CNA Staff, Jan 15, 2024 / 07:00 am
Oscar winner Martin Scorsese recently confirmed that a script for his new movie, “A Life of Jesus,” is now finished.
In an interview with The Los Angeles Times on Jan. 8, Scorsese said he co-wrote the screenplay with critic and filmmaker Kent Jones and plans to shoot it later this year. The film will be based on Shūsaku Endō’s book “A Life of Jesus.”
Scorsese said he envisions the film being about 80 minutes long, which would be one of his shortest films ever made, and will focus on “Jesus’ core teachings in a way that explores the principles but doesn’t proselytize.”
“I’m trying to find a new way to make it more accessible and take away the negative onus of what has been associated with organized religion,” Scorsese said.
“Right now, ‘religion’ — you say that word and everyone is up in arms because it’s failed in so many ways,” he added. “But that doesn’t mean necessarily that the initial impulse was wrong. Let’s get back. Let’s just think about it.”
In an effort to not “be locked into a certain period,” the film will take place in present day because the director wants “the film to feel timeless,” he explained.
The inspiration for the film came in May 2023 after Scorsese met Pope Francis at the Global Aesthetics of the Catholic Imagination, a conference that brought together artists and creatives from across the world. After this meeting, Scorsese said, “I have responded to the pope’s appeal to artists in the only way I know how: by imagining and writing a screenplay for a film about Jesus.”
Catholicism and religious themes have played a role in some of Scorsese’s previous works such as “Silence” and the controversial 1988 film “The Last Temptation of Christ.”
Scorsese was raised Catholic and attended a Catholic high school before attending a preparatory seminary for one year.

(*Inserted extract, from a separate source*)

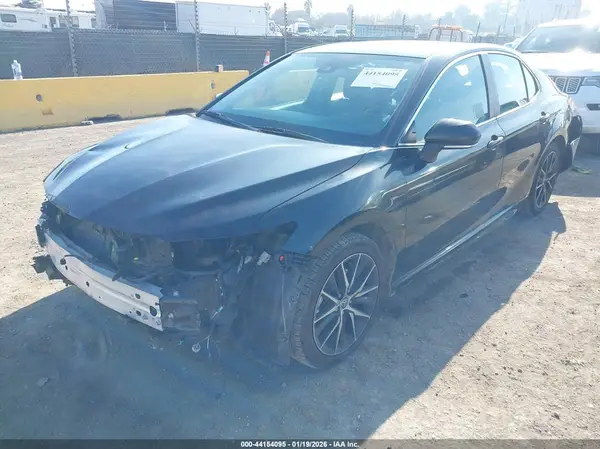 4T1G11AK5NU661729 2022 TOYOTA CAMRY - Image 2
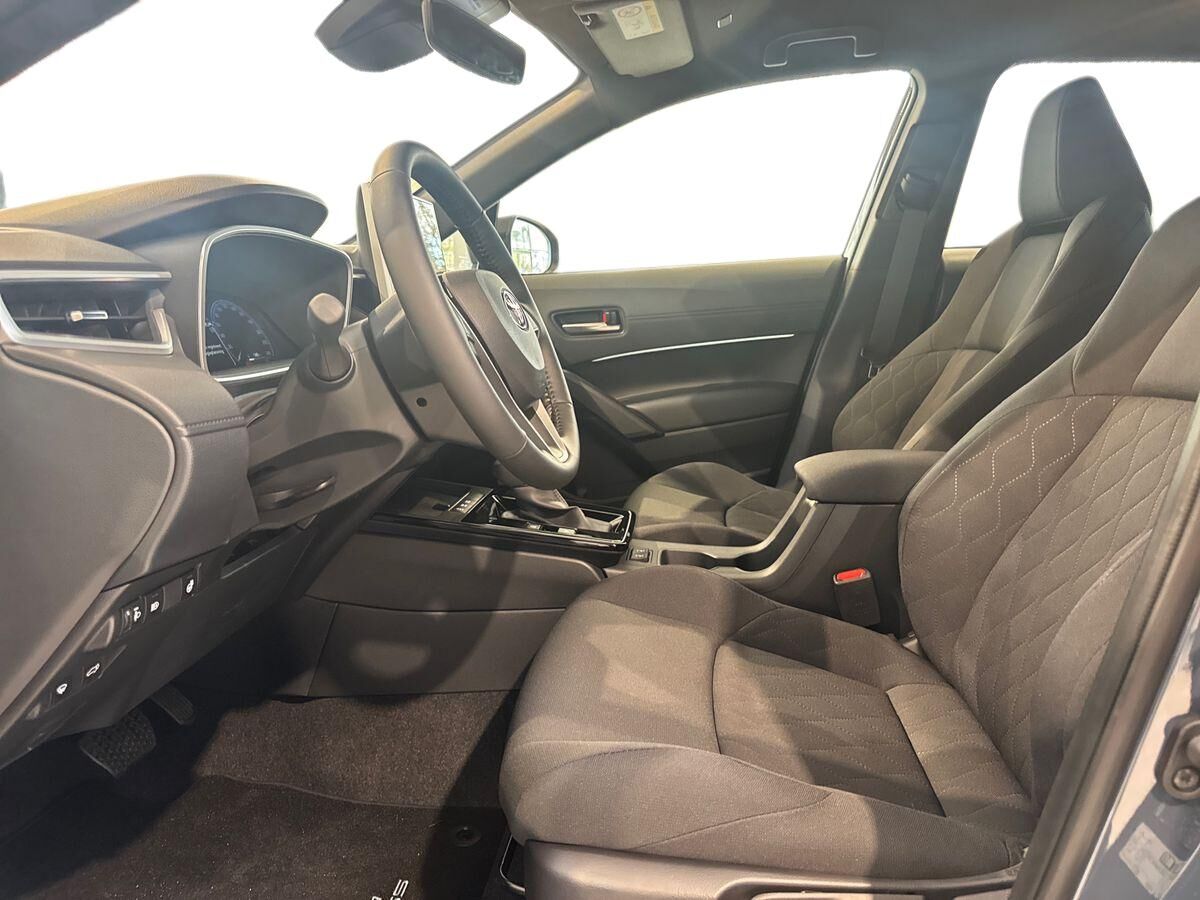 Billede af Toyota Corolla Cross 1.8 hybrid (140 hk) SUV aut. gear Style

In an interview with La Civilta Cattolica on Dec. 9, 2016, he told Jesuit priest Father Antonio Spadaro: “When I was younger, I was thinking of making a film about being a priest. I myself wanted to follow in Father Principe’s [his parish priest] footsteps, so to speak, and be a priest. I went to a preparatory seminary but I failed out the first year.”
Scorcese added that despite not attending Mass regularly, “my way has been, and is, Catholicism. After many years of thinking about other things, dabbling here and there, I am most comfortable as a Catholic.”